Pwi-Di-Goo-Zing Ne-Yaa-Zhing Advisory Services is managing the Ge-Da-Gi Binez Youth Centre, with the aid of various resource organizations, including Seven Generations Educational Institute, Weechi-it-te-win Family Services, Fort Frances Tribal Area Health Services, Gizhewaadiziwin Health Access Centre, and William W. Creighton Youth Services from Thunder Bay, to provide programming and support for youth in the facility.

“We’re excited about it,” said Richard Bruyere, executive director of Pwi-Di-Goo-Zing Ne-Yaa-Zhing Advisory Services, adding nearly 40 full-time and casual employees have been hired to work there.

Training is ongoing to get them ready for next month.

“Those individuals will be ready. It will be upgrading for some, for some other people, it’s new,” he noted. “We have a full staffing complement. They are being trained by individuals from as far away as North Bay.
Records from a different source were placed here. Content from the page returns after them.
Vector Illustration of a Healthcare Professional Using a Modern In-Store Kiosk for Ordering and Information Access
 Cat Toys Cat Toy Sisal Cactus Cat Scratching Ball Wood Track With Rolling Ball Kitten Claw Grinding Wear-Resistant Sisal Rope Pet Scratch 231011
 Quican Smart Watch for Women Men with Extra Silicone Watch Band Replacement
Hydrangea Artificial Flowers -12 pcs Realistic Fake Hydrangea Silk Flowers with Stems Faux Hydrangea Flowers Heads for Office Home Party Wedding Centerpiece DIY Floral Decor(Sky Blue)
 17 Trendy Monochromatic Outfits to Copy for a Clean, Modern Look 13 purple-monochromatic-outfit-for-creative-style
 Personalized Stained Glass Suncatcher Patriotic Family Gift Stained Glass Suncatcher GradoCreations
“We had some help from people in Thunder Bay, as well—all over the place.”

Bruyere said management has done its homework in preparation to run the facility, which will be the first of its kind in Canada dedicated to aboriginal young people in conflict with the law. The idea behind it is that present rehabilitation efforts being used for aboriginal youth do not work.

“We’ve been to various facilities, we’ve been to Portage La Prairie, Winnipeg, and Thunder Bay. We’ve been as far away as Barrie, Ont. looking at facilities,” he remarked. “And we’re concerned because in some of those facilities in Manitoba and Ontario, it’s 90 percent or better aboriginal kids in those facilities.
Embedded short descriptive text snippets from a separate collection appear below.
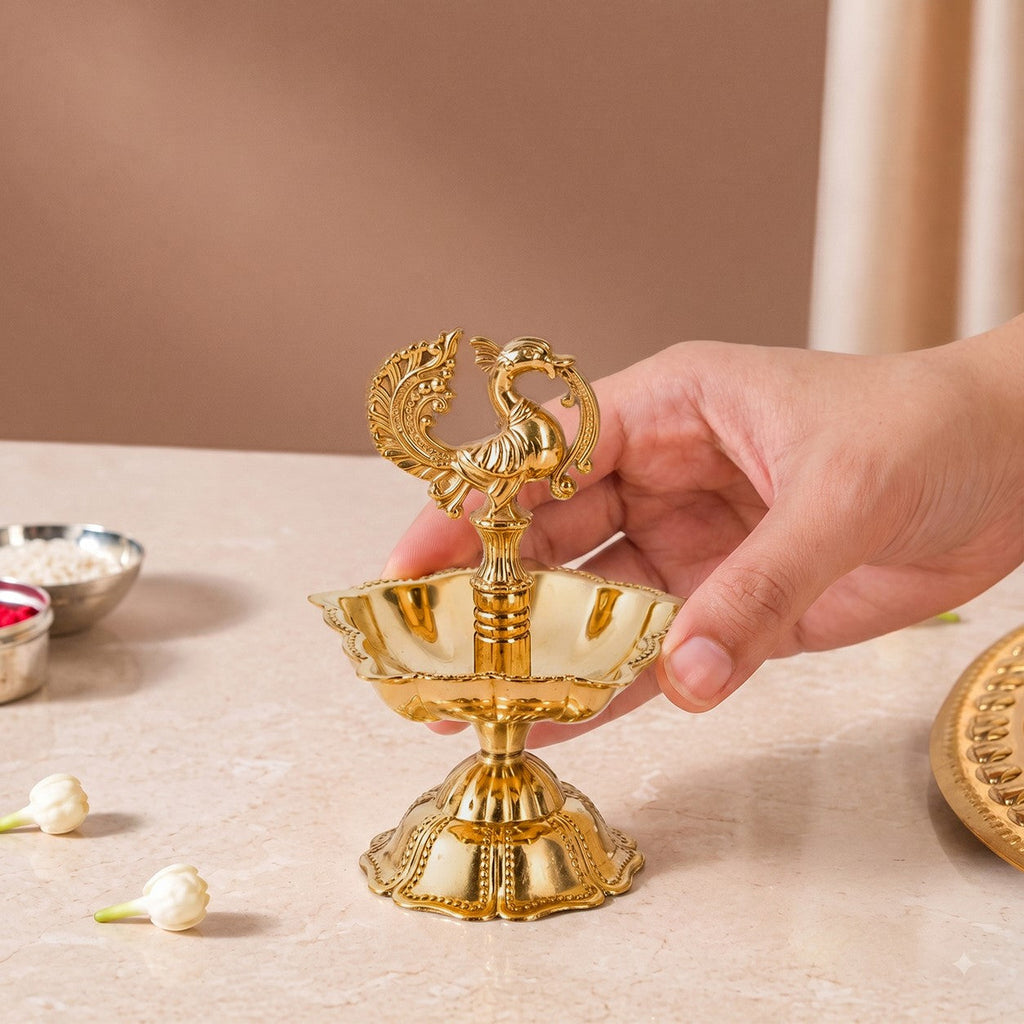 Ornate Peacock Pure Brass Panchmukhi Diya In Gift Box Nestasia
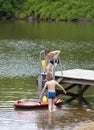 Two Boys Having Fun with Inflatable Rubber Boat Royalty Free Stock Photo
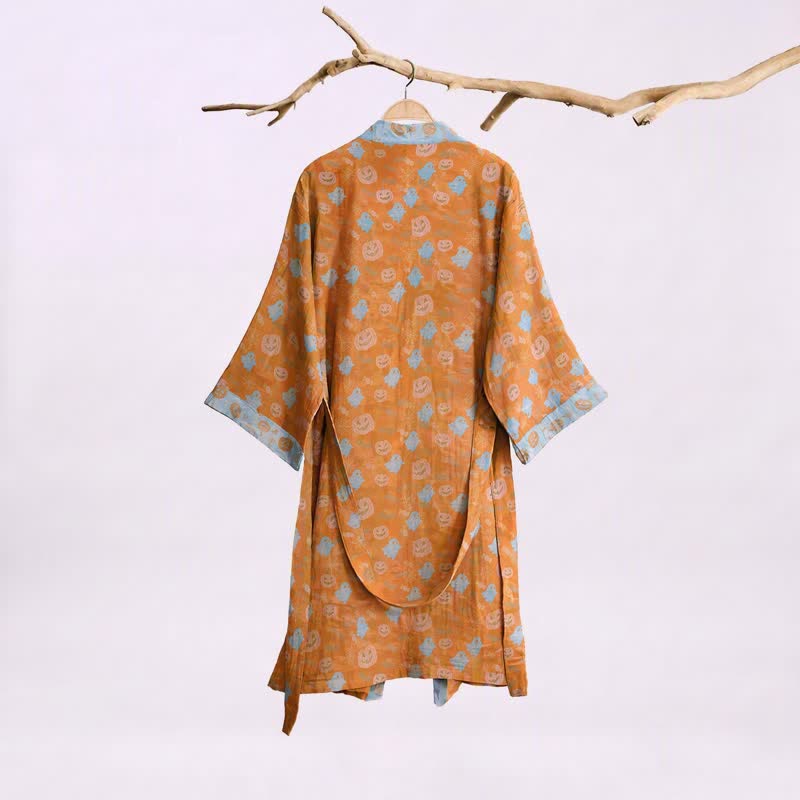 Mehrfarbiger Kürbis-Halloween-Baumwollkimono - image 1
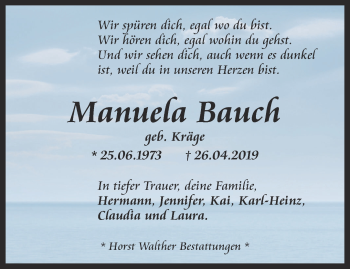 Traueranzeige von Manuela Bauch von Thüringer Allgemeine, Thüringische Landeszeitung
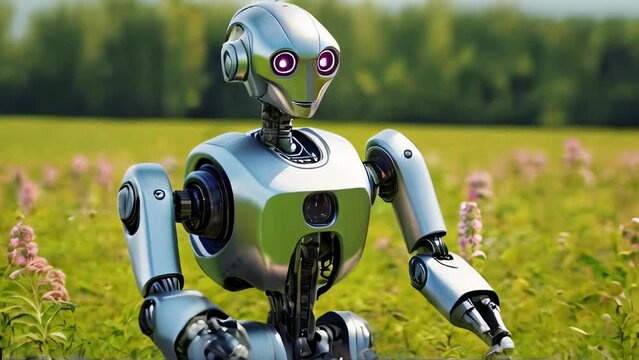 Modern humanoid robot amid blooming flowers. Friendly steel android. Intersection of technology and ecology. Concept innovation, eco-friendly robotics, and scientific exploration
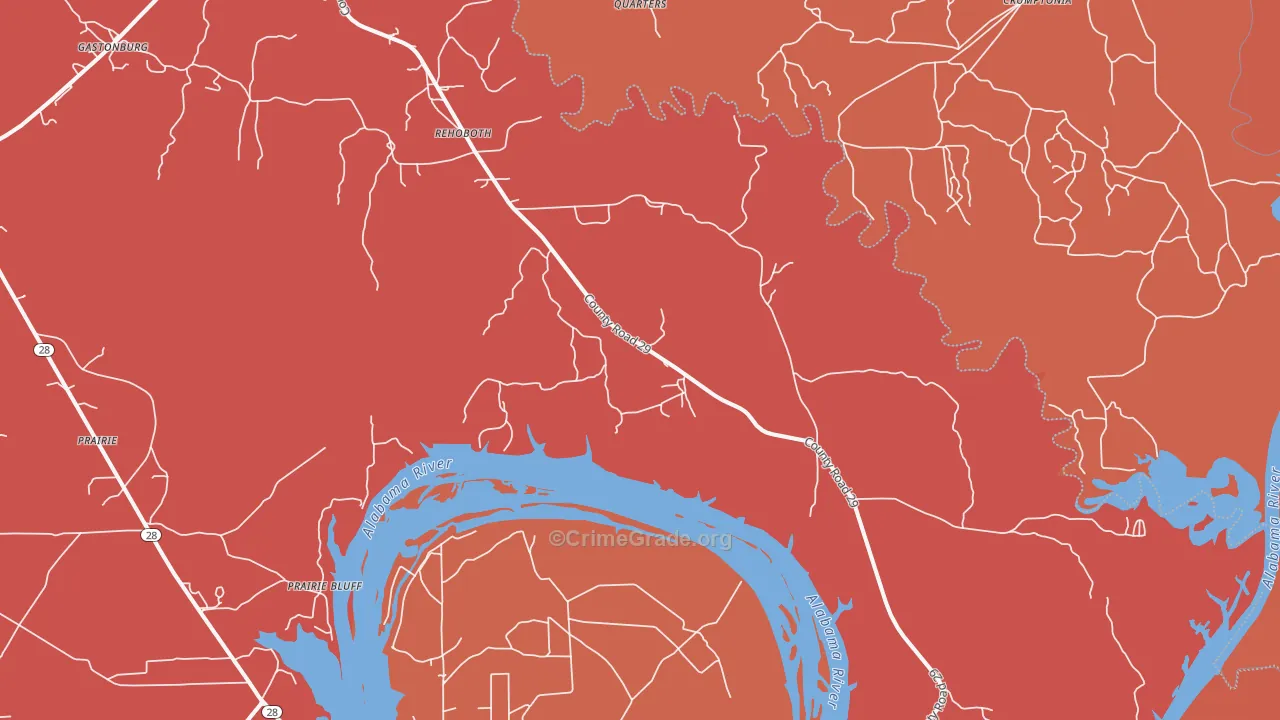 Alberta, AL Map of Murder Rates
“It’s causing us some concern.

“With the programming that we’ve instituted in our plan for the facility, we think it is going to make a difference,” Bruyere stressed. “Hopefully, we’re not going to see repeat offenders. We’re going to do what we can to make a difference.”

While the facility is an aboriginal-specific youth justice secure centre meant to help teens in conflict with the law, Bruyere said it will be of a benefit to the entire community.

“It’s going to make a difference to the economy of Fort Frances. I really hope the business people take note of that, and understand that we are contributing here,” he noted. “Maybe we’ll look for some co-operation from people in town.”

Tony Marinaro, economic development advisor for Pwi-Di-Goo-Zing Ne-Yaa-Zhing Advisory Services, said the Rainy Lake Tribal Development Corp.’s economic impact study done last year indicated First Nations here make major contributions to the district economy—and the youth justice facility “is one more step in taking a bigger role in it.”

“We’re pretty proud of that,” said Marinaro. “There’s not too many organizations that are creating those kinds of employment opportunities in the Rainy River District, especially in these economic times.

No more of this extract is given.